## Problem statement
Exclude the pictures and transcribe the rest of the data below exactly.

## Recorded information
*** Begin section ***

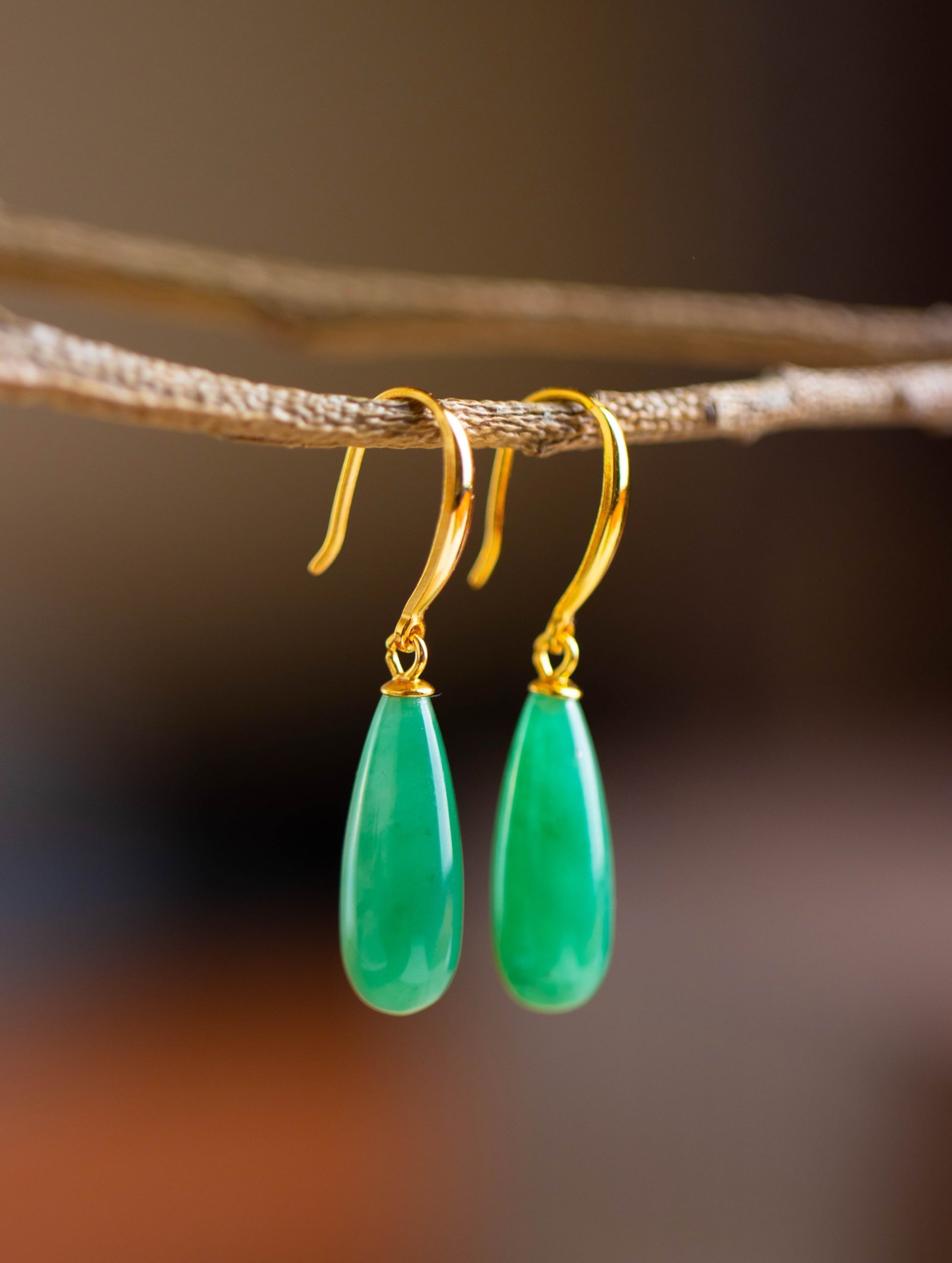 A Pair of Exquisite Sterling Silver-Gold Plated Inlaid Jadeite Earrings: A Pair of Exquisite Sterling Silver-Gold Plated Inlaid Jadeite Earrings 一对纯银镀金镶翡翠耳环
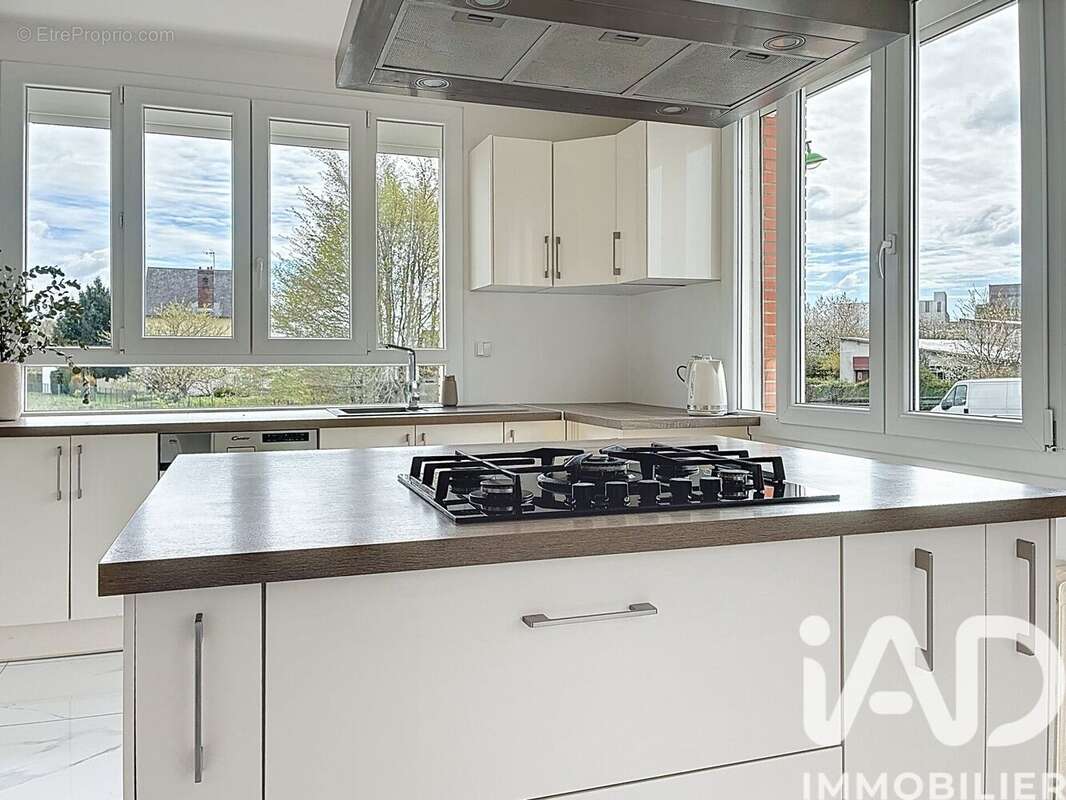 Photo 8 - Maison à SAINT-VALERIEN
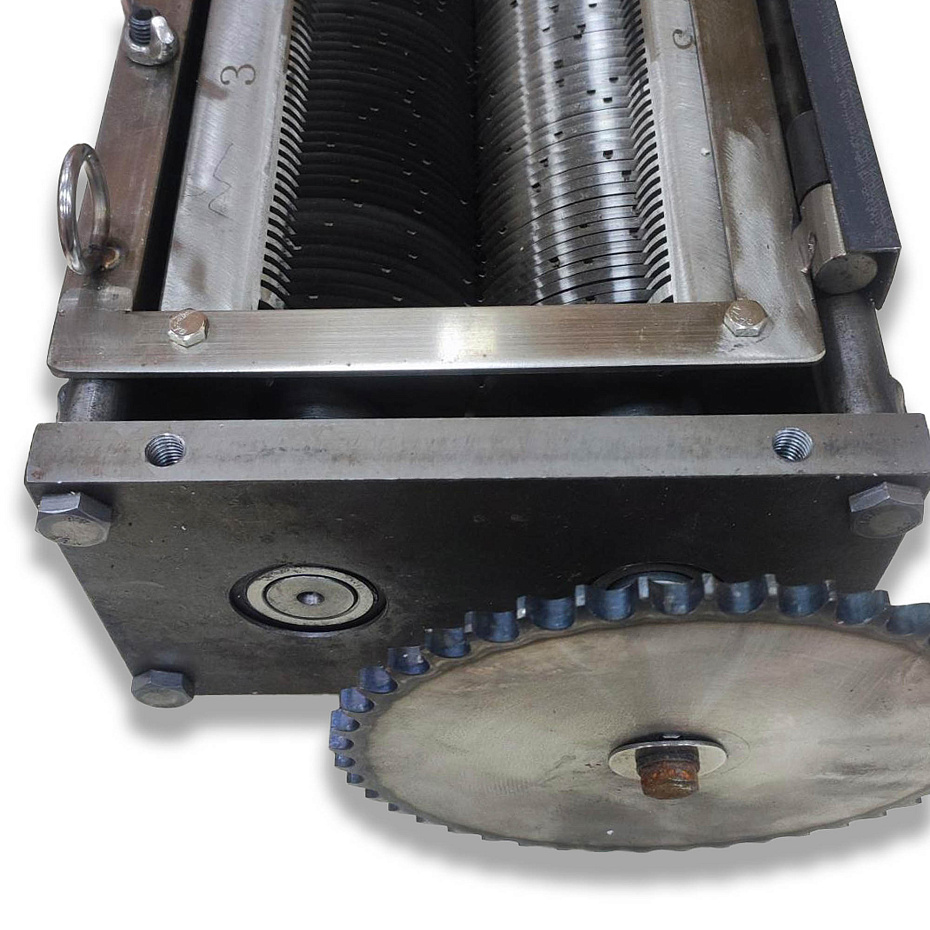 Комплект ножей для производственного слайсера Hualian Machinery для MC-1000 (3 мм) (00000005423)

*** End section ***

## Expected answer
 A Pair of Exquisite Sterling Silver-Gold Plated Inlaid Jadeite Earrings: A Pair of Exquisite Sterling Silver-Gold Plated Inlaid Jadeite Earrings 一对纯银镀金镶翡翠耳环
 Photo 8 - Maison à SAINT-VALERIEN
 Комплект ножей для производственного слайсера Hualian Machinery для MC-1000 (3 мм) (00000005423)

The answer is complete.